Lee’s pastor took note and started bringing him along to home visits and to leadership conferences.
“I would say that’s what spearheaded this vocation or this call to ministry: encountering Jesus Christ in the Scriptures and desiring others to know the love of Jesus Christ as well,” Lee said.
At this point, he was a sophomore in high school and encountered Catholic classmates. In one class, students had to bring in something that was important to them. He brought sports gear and a Bible; a classmate brought a rosary.
He didn’t know what it was, so he did a simple Google search, where he learned that it’s a beautiful prayer used to meditate on the life of Jesus. He decided to get one.
Lee went to a local store, where he found a do-it-yourself rosary making kit and put it together.
He started to pray with it.
“Praying the rosary was a different way to encounter Jesus outside of reading the Scriptures,” he said.
Conflict within the Methodist Church, particularly the way it votes on theological principles, prompted Lee to consider other faith traditions.
“On a whim, I wanted to check out a Catholic Mass. I would say I was a little nervous walking in. I had no idea what you do in Mass,” he said.
He was 17 at the time, sat in the back and was grateful for a couple next to him who gave him a card from the pew with responses to the prayers.
“The turning point for me at that Mass was noticing everyone kneeling during the consecration of the host and also the wine,” he said. “Something in me told me that there was something more in what I was seeing on the altar. There was something more than bread and wine there, and that’s what stirred my own heart. I think that’s when I made the connection of what I learned about the Eucharist – that it was Jesus’ body and blood – that’s when it went from my head to my heart.”

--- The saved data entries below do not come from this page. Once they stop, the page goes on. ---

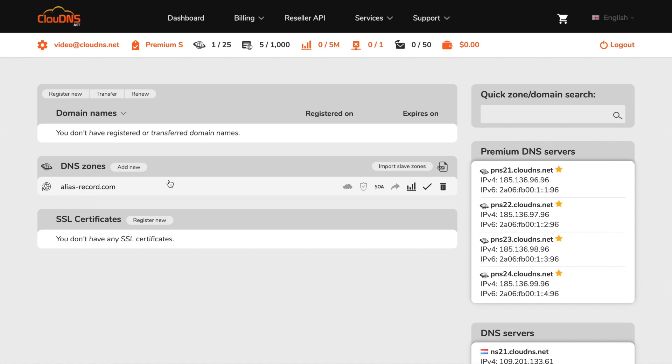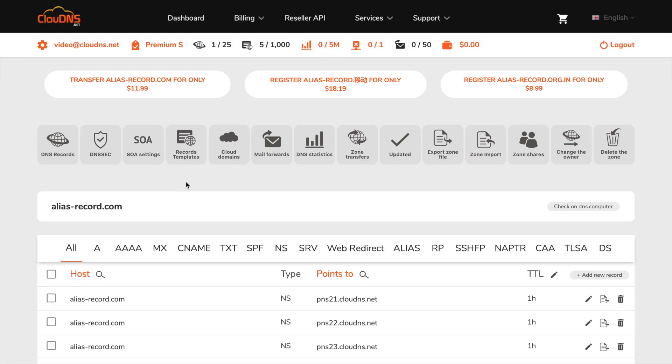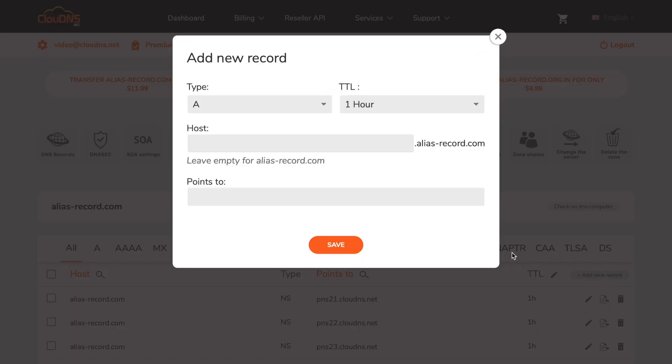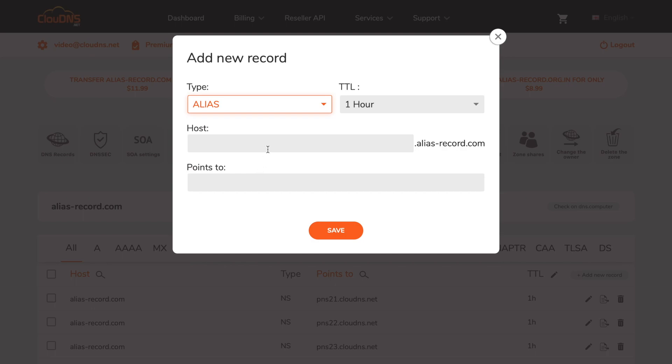Once you are logged into your dashboard, click on the master DNS zone where you would like to add the alias record. In the DNS zone management page, click on add new record button and select alias from the drop down menu.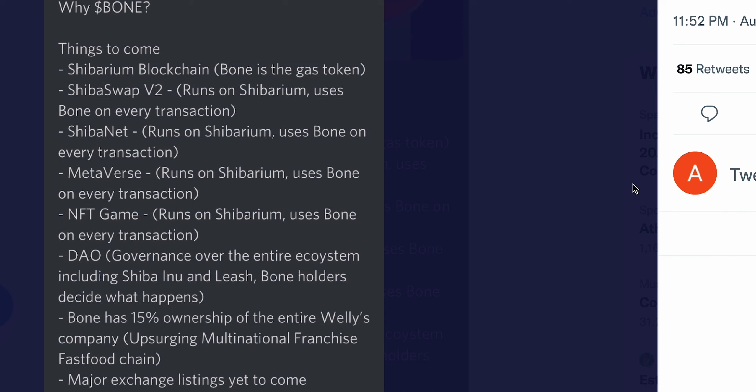Another thing: ShibaSwap V2 runs on Shibarium, uses Bone on every transaction. My point that I've just made, okay? So it's extremely important for this ecosystem. With the amount of transactions happening, this is going to be revolutionary and remember, Bone is going to play a major part in it. Now, ShibaNet runs on Shibarium, uses Bone on every transaction.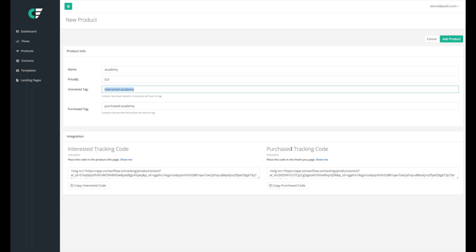And with the purchase tracking code, what we're gonna do is that we're gonna put this code in the thank-you page, in the page after someone has purchased the product. And this is what's gonna calculate the conversions that we saw in the dashboard.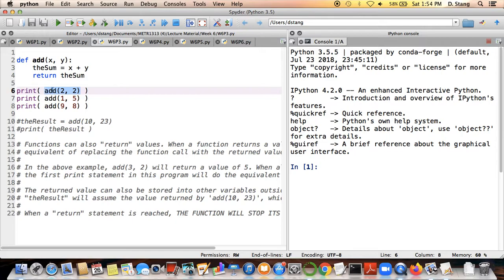Since the return value replaces the original function call, this program is just going to print out what that return value is. Walking through that process: we tell the computer to look for the function called add, two goes into x, two goes into y, add those two numbers together to get a value for sum. Our return value is whatever value is put in sum, and after that's all done, the return value goes in and replaces the original function call on line six. So we would expect this print statement on line six to simply print out the number four.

He attended Iowa State University, got involved in the local Catholic church, and continued to feel a desire to preach and teach the gospel. He entered seminary while in college, attending the St. John Vianney Seminary at University of St. Thomas in Minnesota.
After his diaconate ordination, Lee will serve in the summer at St. Michael Parish in Harlan. As a deacon, he will be able to baptize, marry, preach and preside at a funeral service. He will not be able to celebrate a Mass until his priestly ordination, which is expected in the summer of 2023.